During the transition to democracy in the 1990s, the departing apartheid regime granted political power to the black majority but kept the main levers of economic policy insulated from the revolution. Control over the South African Reserve Bank (SARB; hereafter also Reserve Bank) was central to this strategy. The SARB was made private and independent, its mandate limited to maintaining ‘price stability’, and the financial sector was liberalized – all in line with neoliberal principles. The SARB represents itself as ‘apolitical’, and claims that independence is necessary to build investor trust. But since 2009, left-wing movements have argued that central bank policy is in fact political; that it ultimately benefits the rich at the expense of the poor. They want to renationalize the SARB and establish democratic control over finance and monetary policy, thus completing the revolution.
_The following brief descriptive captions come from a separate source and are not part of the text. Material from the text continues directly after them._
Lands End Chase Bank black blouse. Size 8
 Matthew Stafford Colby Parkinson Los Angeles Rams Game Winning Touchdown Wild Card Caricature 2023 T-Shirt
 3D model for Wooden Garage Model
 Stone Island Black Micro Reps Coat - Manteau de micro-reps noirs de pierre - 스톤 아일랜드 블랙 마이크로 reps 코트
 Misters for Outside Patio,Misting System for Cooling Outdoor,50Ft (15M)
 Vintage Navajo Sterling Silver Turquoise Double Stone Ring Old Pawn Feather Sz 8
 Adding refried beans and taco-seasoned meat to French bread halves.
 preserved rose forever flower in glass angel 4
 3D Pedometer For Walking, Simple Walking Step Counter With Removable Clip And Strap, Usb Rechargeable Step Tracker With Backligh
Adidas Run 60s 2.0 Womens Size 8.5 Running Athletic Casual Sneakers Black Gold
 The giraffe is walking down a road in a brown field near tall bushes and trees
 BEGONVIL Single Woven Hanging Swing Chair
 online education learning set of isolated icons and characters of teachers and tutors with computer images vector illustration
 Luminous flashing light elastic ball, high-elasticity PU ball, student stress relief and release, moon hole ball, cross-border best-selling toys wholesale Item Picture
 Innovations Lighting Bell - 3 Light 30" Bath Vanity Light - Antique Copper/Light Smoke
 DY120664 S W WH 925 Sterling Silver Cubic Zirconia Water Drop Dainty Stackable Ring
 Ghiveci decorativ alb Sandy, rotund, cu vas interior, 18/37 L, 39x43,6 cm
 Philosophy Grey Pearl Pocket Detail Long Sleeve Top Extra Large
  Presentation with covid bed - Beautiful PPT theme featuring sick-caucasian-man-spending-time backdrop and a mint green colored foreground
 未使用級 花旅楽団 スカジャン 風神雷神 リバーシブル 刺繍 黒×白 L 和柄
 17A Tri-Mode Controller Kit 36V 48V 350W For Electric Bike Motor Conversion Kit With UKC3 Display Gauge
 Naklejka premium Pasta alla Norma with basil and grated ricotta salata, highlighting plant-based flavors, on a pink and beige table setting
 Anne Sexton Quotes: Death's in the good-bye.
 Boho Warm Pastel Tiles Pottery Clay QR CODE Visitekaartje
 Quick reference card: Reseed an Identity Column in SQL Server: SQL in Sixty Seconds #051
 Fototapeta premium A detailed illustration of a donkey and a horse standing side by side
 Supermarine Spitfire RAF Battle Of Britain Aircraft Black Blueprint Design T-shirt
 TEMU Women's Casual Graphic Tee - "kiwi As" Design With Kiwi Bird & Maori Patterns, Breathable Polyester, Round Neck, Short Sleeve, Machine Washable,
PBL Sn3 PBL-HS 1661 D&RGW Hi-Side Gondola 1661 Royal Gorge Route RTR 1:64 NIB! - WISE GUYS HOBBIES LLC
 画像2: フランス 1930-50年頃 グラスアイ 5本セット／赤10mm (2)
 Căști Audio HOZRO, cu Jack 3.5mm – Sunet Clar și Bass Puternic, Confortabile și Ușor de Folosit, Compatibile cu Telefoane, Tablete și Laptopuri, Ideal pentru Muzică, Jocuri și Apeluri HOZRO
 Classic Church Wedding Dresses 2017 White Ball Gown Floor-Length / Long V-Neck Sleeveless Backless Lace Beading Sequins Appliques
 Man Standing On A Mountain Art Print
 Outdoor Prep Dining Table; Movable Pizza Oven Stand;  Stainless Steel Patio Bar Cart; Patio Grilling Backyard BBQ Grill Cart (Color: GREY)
This paper explores the history and politics of central banking in South Africa, including the role of African National Congress (ANC) decision-makers, to determine how and why the SARB become independent during the transition, and who benefits from this arrangement. I find that the Reserve Bank’s monetary policy does indeed have uneven distributional effects, and serves the interests of some class factions (specifically, speculative finance) over others. But I argue that the vision for a more democratic financial system may be difficult to actualize. Not because it is unrealistic, but because it fails to address the external pressures that overdetermine SARB policy. Ultimately, the Reserve Bank is beholden to powers that lie beyond the borders of the domestic political economy. Integration into global financial markets, and dependence on foreign investment, has severely curtailed South Africa’s economic sovereignty.



中文翻译:

中央银行的(反)政治:货币政策,阶级冲突和南非的主权界限

摘要

在1990年代向民主过渡期间,即将离任的种族隔离政权将政治权力授予了黑人多数,但保持了经济政策的主要杠杆与革命的隔离。对南非储备银行(SARB;以下也称为储备银行)的控制是该策略的核心。SARB成为私有和独立的,其职责仅限于维持“价格稳定”,并且金融部门自由化,所有这些都符合新自由主义原则。SARB代表自己是“非政治的”,并声称独立对于建立投资者的信任是必要的。但是自2009年以来,左翼运动一直在争论中央银行的政策实际上是政治性的。它最终使富人受益,却以穷人为代价。他们希望将SARB国有化,并建立对金融和货币政策的民主控制,从而完成革命。本文探讨了南非中央银行的历史和政治,包括非洲人国民大会(ANC)决策者的作用,以确定SARB在过渡期间如何独立,为何独立以及谁将从中受益。我发现储备银行的货币政策确实确实具有分配不均的影响,并且为某些阶级派别(特别是投机金融)的利益服务。但是我认为建立更民主的金融体系的愿景可能难以实现。不是因为它不切实际,而是因为它不能解决过度决定SARB政策的外部压力。最终,储备银行拥有超越国内政治经济边界的权力。融入全球金融市场以及对外国投资的依赖严重削弱了南非的经济主权。